• **Description of the task**
Beginning with the line containing "1pc Bq Tongs" and ending at the last line of the records, transcribe each line exactly. Do not include pictures.

----- Data

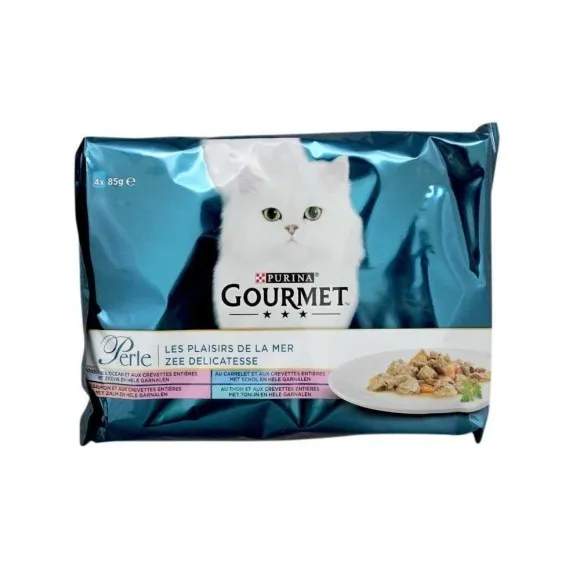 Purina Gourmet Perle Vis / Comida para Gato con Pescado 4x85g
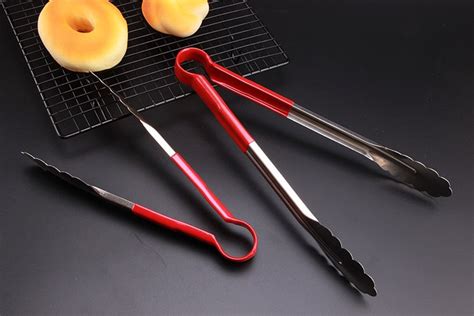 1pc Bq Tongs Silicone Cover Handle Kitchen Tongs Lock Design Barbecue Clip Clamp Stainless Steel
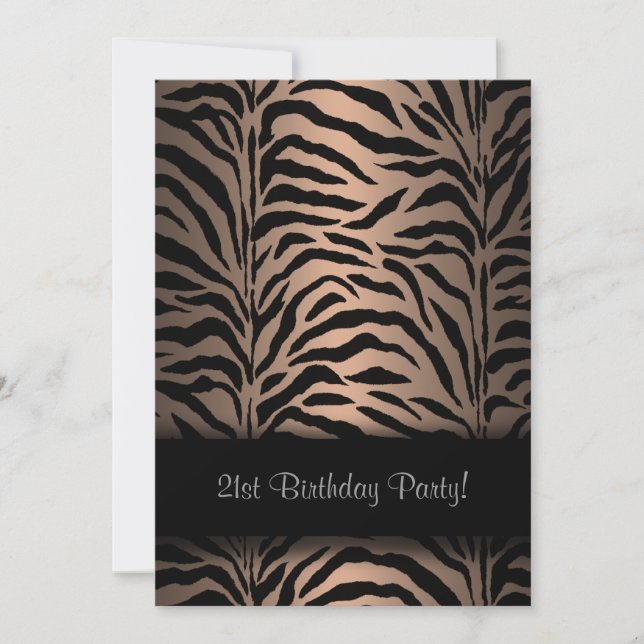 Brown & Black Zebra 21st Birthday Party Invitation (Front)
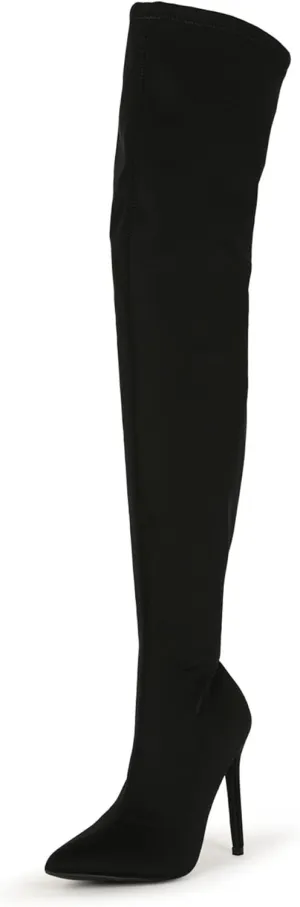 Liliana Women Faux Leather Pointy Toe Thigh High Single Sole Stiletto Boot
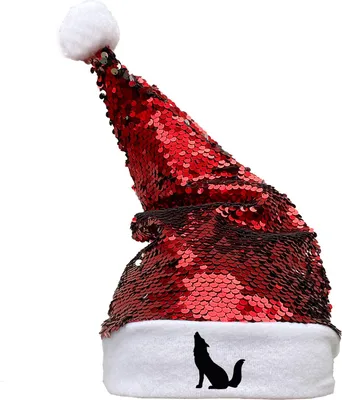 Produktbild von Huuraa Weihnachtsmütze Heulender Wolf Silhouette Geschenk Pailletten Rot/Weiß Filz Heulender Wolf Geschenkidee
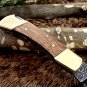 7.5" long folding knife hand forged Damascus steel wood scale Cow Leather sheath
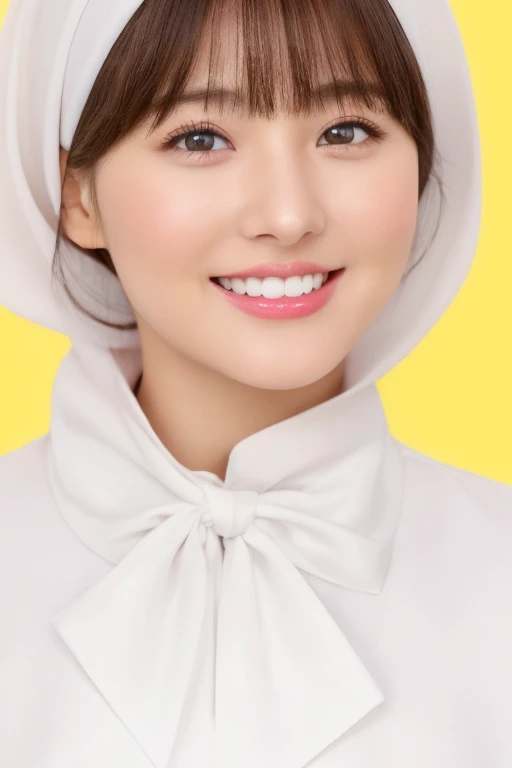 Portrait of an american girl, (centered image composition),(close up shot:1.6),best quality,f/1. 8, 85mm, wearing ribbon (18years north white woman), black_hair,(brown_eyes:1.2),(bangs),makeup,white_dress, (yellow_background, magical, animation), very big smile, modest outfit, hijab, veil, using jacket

----------

• **Answer to the problem**
 1pc Bq Tongs Silicone Cover Handle Kitchen Tongs Lock Design Barbecue Clip Clamp Stainless Steel
 Brown & Black Zebra 21st Birthday Party Invitation (Front)
 Liliana Women Faux Leather Pointy Toe Thigh High Single Sole Stiletto Boot
 Produktbild von Huuraa Weihnachtsmütze Heulender Wolf Silhouette Geschenk Pailletten Rot/Weiß Filz Heulender Wolf Geschenkidee
 7.5" long folding knife hand forged Damascus steel wood scale Cow Leather sheath
 Portrait of an american girl, (centered image composition),(close up shot:1.6),best quality,f/1. 8, 85mm, wearing ribbon (18years north white woman), black_hair,(brown_eyes:1.2),(bangs),makeup,white_dress, (yellow_background, magical, animation), very big smile, modest outfit, hijab, veil, using jacket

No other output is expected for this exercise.